HDP'li Vekil Meclis Kürsüsünde Osmanlıca Konuştu
HDP Mersin Milletvekili Ertuğrul Kürkçü, Osmanlıcanın zorunlu ders olması tartışmalarına atfen TBMM'de yaptığı konuşmaya, Osmanlıca ile başladı.
HDP Mersin Milletvekili Ertuğrul Kürkçü, Osmanlıcanın zorunlu ders olması tartışmalarına atfen TBMM'de yaptığı konuşmaya eski Türkçe ile başladı.
"MECLİS-İ KEBİR-İ MİLLİ REİSİ HAZRETLERİ"

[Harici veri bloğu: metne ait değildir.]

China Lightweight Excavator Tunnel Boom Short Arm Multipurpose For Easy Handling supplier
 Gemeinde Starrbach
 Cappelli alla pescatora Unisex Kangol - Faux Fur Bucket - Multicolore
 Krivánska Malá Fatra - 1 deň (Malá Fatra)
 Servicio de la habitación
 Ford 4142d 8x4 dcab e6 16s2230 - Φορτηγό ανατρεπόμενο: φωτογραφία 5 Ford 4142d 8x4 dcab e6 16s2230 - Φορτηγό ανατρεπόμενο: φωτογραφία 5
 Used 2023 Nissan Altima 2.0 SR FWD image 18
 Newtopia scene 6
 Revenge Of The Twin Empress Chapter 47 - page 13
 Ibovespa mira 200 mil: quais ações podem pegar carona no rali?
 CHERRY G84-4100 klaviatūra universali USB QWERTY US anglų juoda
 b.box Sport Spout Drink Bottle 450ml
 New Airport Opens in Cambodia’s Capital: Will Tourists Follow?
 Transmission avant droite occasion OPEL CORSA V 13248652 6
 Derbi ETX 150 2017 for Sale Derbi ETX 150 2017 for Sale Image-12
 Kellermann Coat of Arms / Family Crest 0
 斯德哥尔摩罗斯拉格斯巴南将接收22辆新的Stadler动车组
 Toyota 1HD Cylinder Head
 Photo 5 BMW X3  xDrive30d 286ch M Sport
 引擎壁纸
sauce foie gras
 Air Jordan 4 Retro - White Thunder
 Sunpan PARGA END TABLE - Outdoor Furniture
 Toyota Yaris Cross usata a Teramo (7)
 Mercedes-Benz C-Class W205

HDP'nin Soma ve Ermenek başta olmak üzere madenlerde meydana gelen kazalarda sorumluluğu olduğu gerekçesi ile Çalışma ve Sosyal Güvenlik Bakanı Faruk Çelik ile Enerji ve Tabii Kaynaklar Bakanı Taner Yıldız hakkında verdiği gensoru önergelerinin gündeme alınıp alınmaması görüşmelerinde partisi adına söz alan HDP Mersin Milletvekili Ertuğrul Kürkçü, konuşmasına Osmanlıca olduğunu söylediği eski Türkçe ile başladı. Kürkçü, "Meclis-i Kebir-i Milli Reisi Hazretleri, muhterem mebusefendiler ve hanımefendiler; Kuvvet ve Menba-i Servet-i Tabii Nazırı Devletlü Taner Yıldız Beyefendi'nin kanunen memur idüldüğü vazaifin ifasında irae eylediği acz, maadinde, icraında mesul olduğu tanzimattan sarfınazar iderek amaleyi sermayedarın keyf ve arzusuna terki, kendü Adalat-ü İnkişaf Fırkasının tarafdaranını memleketin menba-i servet-i tabiinin yağması içün muktedir kılması ve nihayet vazife esnasında ifası muktezi tedabirden imtinası ve maadin civarlarındaki istihsalin kanun ve nizamnameleri ihlaliyle tamamiyle taşeron dimekle maruf kumpanyalara terki neticesiyle vuku bulan amele cinayatında evleviyetle mesul bulunduğuna mebni merkum müma-ileyhin istifasını talep eyleyeceğiz. Evet, tefhimde müşkülatla düçar olduğunuzu rü'yet eyliyorum, o yüzden ne dediğimi anlatayım, anlamadığınızdan eminim" dedi.
"SEN ANLAT BİZ ANLADIK"
AK Parti sıralarından gelen "Sen anlat biz anladık" sözleri üzerine "Hakikaten mi, ne dedim? Hiçbir şey anlamadınız. Ama işte bu boş işlerle bizi uğraştırıyorsunuz, ister istemez üç-beş dakikamız buna gidiyor" diyen Kürkçü, "Aslında bizim ecdadımızın lisanı değildir. Bizim ecdadımız böyle konuşmaz. Osmanlı sülalesi ve onların memurları böyle konuşurdu. Şimdi 'ecdadın dili' diye bize bunları söylüyorsunuz ama bizim ecdadımız göçebe Türkmenler, göçebe Kürtler, Türkiye'nin dört bir tarafındaki rençper, çoban, amele insanlardır. Onlar, bu insanlar hakkında şöyle derler; 'şalvarı şaltak Osmanlı, eğeri kaltak Osmanlı, ekende yok, biçende yok, yemede ortak Osmanlı' Biz, bu Osmanlı'nın adetlerini, usullerini sürdürerek üzerimizdeki kapitalist baskıya ek olarak bir de böyle çökertilmiş, geriye savrulmuş bir iktidar ve sömürü mekanizmasının hayaletini, gölgesini üzerimizde taşıyarak iktidar eylemeye kesinlikle karşı olarak bugün karşınızdayız. Biz, Sayın Taner Yıldız'ın istifasını istiyoruz ve elle tutulur sebeplerimiz var" açıklamasında bulundu.